C’è un libro straordinario, che immagino lei abbia letto: “Un’eredità di avorio e d’ambra”, di Edmund de Waal. I protagonisti sono i netsuke, una collezione di piccoli oggetti giapponesi attraverso cui lui ricostruisce la storia della sua famiglia, da una guerra all’altra. Anche lei ha un netsuke, un topolino portapipa…

– È un libro bellissimo, l’ho letto. Però vorrei ricordare un altro scrittore, Orhan Pamuk, e il suo incredibile Museo dell’Innocenza, che è sia un museo, a Istanbul, che un romanzo. Nel catalogo-manifesto c’è una frase che mi rappresenta: “Il futuro dei musei è nelle case”. Perché le case di tutti sono – o possono essere – dei musei. Narrano la nostra storia. E il futuro è fatto di storie piccole: le nostre.

“È così ogni sera, quando chiudo dietro di me l’uscio della mia camera per andare a dormire; compio questo gesto semplice e consueto con avida ghiottoneria, assaporandolo: conosco il cigolìo della maniglia… Poi, adagio, mi volgo e ricerco nella penombra le cose che da anni amo vedere attorno a me; ed esse, poiché finalmente siamo sole, mi riconoscono e sorridono”.  La frase è di Alba de Céspedes, una scrittrice ormai quasi dimenticata, da un suo libro di racconti del 1940. Mi piace, forse perché anch’io penso che le cose di casa che amo mi sorridano. È una sensazione in cui lei si ritrova?

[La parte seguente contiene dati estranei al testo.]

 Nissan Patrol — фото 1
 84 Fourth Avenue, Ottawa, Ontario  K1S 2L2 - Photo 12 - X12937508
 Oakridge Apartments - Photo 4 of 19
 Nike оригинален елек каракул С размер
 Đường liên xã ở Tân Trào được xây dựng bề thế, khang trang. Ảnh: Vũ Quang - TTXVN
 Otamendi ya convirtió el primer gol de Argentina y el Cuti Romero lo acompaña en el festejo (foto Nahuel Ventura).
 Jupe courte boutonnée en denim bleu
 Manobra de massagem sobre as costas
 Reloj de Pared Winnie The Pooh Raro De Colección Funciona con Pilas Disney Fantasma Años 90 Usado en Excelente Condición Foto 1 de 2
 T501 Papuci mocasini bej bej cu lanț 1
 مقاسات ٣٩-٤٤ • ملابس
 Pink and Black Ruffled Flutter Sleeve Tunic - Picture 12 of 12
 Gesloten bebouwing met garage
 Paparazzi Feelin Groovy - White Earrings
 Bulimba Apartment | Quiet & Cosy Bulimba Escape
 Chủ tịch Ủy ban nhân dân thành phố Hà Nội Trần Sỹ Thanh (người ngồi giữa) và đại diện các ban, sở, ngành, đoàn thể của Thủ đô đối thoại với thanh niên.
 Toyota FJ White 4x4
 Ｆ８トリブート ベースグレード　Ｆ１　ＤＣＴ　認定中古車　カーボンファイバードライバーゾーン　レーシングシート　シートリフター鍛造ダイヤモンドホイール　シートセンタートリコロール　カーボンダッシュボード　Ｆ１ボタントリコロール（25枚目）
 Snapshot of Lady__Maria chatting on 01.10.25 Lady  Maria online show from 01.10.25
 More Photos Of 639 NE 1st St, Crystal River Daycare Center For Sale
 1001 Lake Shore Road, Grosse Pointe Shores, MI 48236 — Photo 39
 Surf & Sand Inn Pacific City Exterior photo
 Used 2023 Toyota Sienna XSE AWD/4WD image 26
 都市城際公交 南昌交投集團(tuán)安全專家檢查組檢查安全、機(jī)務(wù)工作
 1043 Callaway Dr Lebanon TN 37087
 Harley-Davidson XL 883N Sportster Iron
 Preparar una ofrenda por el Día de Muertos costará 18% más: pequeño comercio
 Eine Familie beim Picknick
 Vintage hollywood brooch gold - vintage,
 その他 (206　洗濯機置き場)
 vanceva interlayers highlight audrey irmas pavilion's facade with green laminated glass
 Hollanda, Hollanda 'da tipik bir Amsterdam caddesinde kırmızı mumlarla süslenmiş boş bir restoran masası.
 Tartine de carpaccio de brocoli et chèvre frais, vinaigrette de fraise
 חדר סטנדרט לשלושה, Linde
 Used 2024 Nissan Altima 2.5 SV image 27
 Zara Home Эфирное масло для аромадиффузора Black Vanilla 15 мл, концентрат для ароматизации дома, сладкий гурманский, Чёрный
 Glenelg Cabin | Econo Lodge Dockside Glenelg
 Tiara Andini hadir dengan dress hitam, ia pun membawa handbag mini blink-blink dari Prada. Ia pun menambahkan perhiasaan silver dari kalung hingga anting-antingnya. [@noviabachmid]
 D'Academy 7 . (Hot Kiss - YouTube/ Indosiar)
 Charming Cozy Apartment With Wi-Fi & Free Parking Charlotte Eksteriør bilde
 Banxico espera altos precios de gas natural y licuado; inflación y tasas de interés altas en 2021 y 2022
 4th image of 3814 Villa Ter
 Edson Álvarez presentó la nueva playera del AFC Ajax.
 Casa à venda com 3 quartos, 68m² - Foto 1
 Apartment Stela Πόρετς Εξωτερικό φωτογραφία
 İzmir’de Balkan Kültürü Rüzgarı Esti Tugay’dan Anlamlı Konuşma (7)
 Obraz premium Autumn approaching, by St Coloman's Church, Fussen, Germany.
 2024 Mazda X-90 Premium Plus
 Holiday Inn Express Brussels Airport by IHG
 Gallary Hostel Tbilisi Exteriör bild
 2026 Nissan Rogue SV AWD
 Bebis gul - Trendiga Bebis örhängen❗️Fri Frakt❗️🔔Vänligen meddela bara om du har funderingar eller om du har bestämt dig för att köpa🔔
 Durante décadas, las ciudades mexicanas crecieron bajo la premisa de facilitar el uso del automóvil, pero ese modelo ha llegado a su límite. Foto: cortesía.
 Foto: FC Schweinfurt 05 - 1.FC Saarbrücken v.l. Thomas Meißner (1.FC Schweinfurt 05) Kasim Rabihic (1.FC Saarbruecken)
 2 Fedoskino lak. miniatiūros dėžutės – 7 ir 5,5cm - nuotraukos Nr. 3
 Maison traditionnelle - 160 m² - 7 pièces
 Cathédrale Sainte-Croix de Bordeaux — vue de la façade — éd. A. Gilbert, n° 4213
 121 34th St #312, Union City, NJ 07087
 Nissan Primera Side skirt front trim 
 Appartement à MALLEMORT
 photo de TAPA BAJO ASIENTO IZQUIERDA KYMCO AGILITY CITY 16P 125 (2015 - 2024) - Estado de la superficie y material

-Perfettamente. E mi ricorda quanto diceva Carl Gustav Jung a proposito degli oggetti (le cose) della sua casa-torre di Bollingen: “Intrattengo con essi una relazione come fossero esseri viventi. Questo contribuisce molto a rilassarmi in quella casa. Mi devo informare di quel che vogliono le cose, esse mi dicono quel che desiderano e io devo servirle […] esse mi rivolgono una call, cui devo rispondere.”

Lei ha un angolo dedicato ai Lari: che, nell’antichità romana, erano gli spiriti protettori della casa. Che oggetti racchiude?

-Nel mio Larario, una nicchia sopra una cassettiera nera, non ci sono statuette raffiguranti i defunti, ma piccole cose che hanno lasciato e attraverso le quali vivono e sono presenti. ll “Calco della Mano di Marcella” è una di loro. È il calco in gesso della mano di mia madre, fatto dallo zio scultore. E che lei donò a mio padre, prima di sposarsi. Sul retro si legge, incisa con bella calligrafia sul gesso ancora fresco: «13-6-1939 – la mia mano è tua Toni- Marcella.» Nella mia infanzia era un soprammobile, sul grande cassettone a specchiera nella camera da letto dei miei. Poi faceva da fermo alla porta del bagno. Lì l’ho raccolto e da allora è con me.